He said, “You love me like my grandmother,” with his eyes
showing a small gloss of water around the rim, while he laid his head in my
lap. She was not his real grandmother, just a village elder who took him in
when his mother abandoned him soon after his birth. This is probably the
highest compliment I could ever earn and had never appeared until recently. Not
that we did not have love before over these many years, but this one I really
had to earn. My partner lately, instead of commenting on my change, has been doubling up
on saying he loves me just to make sure I know it. The last two months were for me
a bit difficult, and yet provided me unplanned expansion of my consciousness
inwardly(anicca, dukkha, and anatta realized within myself). My changes over the years were really based on the desire to learn
from him, a kind soul, who had evidently had a harder life than I. Fighting the
need constantly to explain all my pains I started the path prompted by his
love. I never quite knew the how it will all transpire. For me it took sitting down
with myself over many years, seeing how I think and learning to love myself. I
have had long-term relationships in the past, but always seemed to be looking
outside of myself for solutions for my happiness. Tired of lining things up to secure happiness. And I learned that no one could ever live in another’s shoes.

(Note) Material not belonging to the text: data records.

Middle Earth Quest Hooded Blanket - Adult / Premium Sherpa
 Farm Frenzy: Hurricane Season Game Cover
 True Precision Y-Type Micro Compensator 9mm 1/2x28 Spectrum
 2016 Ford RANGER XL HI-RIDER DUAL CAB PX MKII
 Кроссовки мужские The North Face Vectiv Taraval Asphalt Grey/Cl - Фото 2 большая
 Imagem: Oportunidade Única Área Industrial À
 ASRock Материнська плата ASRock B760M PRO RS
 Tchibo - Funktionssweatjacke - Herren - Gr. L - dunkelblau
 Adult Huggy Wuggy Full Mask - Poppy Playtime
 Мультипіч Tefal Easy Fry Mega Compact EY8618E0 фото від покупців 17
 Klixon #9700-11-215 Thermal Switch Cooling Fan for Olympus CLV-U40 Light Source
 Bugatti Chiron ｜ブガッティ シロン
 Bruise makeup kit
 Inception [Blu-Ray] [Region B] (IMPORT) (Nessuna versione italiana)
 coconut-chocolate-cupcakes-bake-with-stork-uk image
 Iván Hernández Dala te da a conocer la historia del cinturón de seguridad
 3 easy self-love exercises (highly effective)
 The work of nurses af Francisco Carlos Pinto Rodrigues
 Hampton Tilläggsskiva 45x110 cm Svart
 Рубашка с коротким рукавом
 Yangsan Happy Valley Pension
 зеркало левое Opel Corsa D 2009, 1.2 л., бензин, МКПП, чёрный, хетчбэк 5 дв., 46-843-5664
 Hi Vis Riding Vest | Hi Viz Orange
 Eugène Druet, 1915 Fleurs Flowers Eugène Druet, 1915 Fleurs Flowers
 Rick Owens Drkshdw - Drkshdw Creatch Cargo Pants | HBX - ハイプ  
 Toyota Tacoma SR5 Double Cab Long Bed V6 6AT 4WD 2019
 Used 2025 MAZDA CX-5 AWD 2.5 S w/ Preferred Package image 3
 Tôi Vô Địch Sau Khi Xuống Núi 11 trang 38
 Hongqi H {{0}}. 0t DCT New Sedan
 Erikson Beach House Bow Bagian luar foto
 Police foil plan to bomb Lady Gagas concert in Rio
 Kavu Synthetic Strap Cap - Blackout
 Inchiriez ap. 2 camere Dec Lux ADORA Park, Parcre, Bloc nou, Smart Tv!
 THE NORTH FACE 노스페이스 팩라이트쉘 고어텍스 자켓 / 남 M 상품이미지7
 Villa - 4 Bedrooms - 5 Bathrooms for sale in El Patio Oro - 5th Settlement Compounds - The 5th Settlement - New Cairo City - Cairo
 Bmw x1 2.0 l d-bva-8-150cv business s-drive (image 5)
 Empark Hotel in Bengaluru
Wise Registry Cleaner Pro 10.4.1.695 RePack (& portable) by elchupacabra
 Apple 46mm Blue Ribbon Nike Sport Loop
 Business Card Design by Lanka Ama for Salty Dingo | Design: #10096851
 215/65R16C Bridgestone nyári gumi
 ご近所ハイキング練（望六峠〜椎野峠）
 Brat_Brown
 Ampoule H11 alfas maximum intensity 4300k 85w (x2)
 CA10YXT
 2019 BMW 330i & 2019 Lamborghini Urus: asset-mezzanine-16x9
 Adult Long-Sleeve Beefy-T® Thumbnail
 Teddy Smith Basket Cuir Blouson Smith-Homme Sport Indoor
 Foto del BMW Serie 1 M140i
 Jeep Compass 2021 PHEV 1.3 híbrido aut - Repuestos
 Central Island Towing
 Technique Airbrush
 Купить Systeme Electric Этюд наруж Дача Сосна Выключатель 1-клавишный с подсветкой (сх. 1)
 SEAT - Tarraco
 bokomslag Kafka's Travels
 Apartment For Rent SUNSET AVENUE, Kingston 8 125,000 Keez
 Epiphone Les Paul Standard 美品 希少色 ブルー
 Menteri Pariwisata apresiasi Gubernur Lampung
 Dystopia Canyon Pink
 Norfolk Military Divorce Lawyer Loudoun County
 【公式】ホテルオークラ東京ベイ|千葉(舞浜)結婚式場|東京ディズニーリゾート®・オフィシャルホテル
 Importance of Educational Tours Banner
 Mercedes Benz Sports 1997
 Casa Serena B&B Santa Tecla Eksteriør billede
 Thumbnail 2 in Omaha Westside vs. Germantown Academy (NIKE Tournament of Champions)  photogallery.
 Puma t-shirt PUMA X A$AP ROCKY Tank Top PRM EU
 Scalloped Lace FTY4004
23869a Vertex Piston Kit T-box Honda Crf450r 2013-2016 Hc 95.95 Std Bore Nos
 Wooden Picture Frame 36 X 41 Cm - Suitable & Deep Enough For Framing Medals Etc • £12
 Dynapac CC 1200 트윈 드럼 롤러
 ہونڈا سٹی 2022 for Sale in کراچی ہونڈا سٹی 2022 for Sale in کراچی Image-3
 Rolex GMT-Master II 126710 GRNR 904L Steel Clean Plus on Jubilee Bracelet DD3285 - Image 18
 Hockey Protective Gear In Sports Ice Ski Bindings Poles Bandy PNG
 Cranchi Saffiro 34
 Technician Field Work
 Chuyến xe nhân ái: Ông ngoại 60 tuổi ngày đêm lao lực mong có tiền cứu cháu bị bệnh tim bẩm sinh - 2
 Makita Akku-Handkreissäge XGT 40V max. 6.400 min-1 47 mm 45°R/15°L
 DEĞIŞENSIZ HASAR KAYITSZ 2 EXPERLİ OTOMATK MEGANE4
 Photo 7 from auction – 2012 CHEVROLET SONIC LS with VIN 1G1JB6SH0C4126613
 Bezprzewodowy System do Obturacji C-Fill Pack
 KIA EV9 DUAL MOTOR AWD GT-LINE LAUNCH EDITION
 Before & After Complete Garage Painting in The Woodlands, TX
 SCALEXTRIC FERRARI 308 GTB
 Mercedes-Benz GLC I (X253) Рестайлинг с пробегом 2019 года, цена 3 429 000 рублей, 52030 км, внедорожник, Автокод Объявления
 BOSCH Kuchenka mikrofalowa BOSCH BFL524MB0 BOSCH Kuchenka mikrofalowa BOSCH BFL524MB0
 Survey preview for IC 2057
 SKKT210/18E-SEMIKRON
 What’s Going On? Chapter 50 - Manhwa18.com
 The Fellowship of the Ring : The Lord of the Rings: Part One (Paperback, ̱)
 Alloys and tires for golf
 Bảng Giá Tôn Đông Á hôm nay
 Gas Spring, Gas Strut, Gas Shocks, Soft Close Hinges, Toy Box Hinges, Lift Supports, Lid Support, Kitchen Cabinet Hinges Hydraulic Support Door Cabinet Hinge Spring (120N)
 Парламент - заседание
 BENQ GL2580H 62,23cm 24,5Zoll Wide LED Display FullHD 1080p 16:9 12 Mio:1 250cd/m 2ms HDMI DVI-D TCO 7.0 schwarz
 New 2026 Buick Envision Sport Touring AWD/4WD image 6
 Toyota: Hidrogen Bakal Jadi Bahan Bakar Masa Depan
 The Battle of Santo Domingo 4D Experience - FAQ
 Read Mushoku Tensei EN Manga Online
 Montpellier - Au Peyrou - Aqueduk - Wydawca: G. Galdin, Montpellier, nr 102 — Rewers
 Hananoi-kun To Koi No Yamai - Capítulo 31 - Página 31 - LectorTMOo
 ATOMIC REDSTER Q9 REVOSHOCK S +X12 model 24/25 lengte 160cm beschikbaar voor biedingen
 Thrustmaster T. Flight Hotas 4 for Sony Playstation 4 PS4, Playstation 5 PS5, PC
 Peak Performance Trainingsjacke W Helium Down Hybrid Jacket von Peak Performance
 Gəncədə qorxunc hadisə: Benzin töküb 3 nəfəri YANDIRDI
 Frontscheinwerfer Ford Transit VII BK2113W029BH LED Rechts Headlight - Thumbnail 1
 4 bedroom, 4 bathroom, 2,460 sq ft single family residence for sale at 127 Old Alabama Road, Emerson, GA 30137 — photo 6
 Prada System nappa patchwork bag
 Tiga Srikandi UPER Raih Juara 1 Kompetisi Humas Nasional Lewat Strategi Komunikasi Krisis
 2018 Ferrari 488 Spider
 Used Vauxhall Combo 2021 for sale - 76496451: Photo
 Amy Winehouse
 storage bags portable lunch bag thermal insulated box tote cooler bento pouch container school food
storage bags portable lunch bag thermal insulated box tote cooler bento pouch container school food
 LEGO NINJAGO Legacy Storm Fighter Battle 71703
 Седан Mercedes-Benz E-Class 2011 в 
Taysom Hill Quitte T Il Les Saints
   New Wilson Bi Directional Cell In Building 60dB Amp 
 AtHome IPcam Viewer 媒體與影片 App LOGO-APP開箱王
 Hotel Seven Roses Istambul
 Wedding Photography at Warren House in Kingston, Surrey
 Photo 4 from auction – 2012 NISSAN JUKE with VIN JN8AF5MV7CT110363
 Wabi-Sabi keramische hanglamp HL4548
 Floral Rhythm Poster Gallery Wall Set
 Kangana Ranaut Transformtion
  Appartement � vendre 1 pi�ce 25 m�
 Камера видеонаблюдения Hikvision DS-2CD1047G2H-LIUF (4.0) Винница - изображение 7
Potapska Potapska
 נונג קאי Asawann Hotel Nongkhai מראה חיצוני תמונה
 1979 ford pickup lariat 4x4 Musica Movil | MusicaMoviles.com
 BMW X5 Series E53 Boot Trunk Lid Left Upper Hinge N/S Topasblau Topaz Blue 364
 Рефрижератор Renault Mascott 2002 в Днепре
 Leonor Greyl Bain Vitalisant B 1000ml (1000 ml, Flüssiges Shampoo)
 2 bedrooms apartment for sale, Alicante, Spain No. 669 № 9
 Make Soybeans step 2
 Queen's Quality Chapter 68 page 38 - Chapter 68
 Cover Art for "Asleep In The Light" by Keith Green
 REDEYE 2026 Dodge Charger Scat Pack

It is true that there is never really a relationship with
another person, it is more about your relationship to yourself. The other my
prompt good or bad feelings your mind brings up, but they aren’t really
responsible for how you feel. That is your clue to let go, and love them
exactly as they are. Over the years I had to let go of my ideas of best to
proceed with his education and just support him. Lately, he took on a research
project for money, undercharging the other students who were his clients. I had
to just let him do it, and sit back enduring his late hours and missed time
doing things together. Throwing
out ideas of how it should be was my lesson allowing him more freedom to live
his life. Several wisdom things
the last few months have come to him at his rate, and not by me telling him
what to do when, with apologies sprouting forth. Today’s payoff came naturally
with the spontaneity of the moment. My partner was told a few years in Singapore where he meant my brother who said that I am much happier since two of us met. That unprompted confirmation by an independent source was a treat for him and also bond him with my family.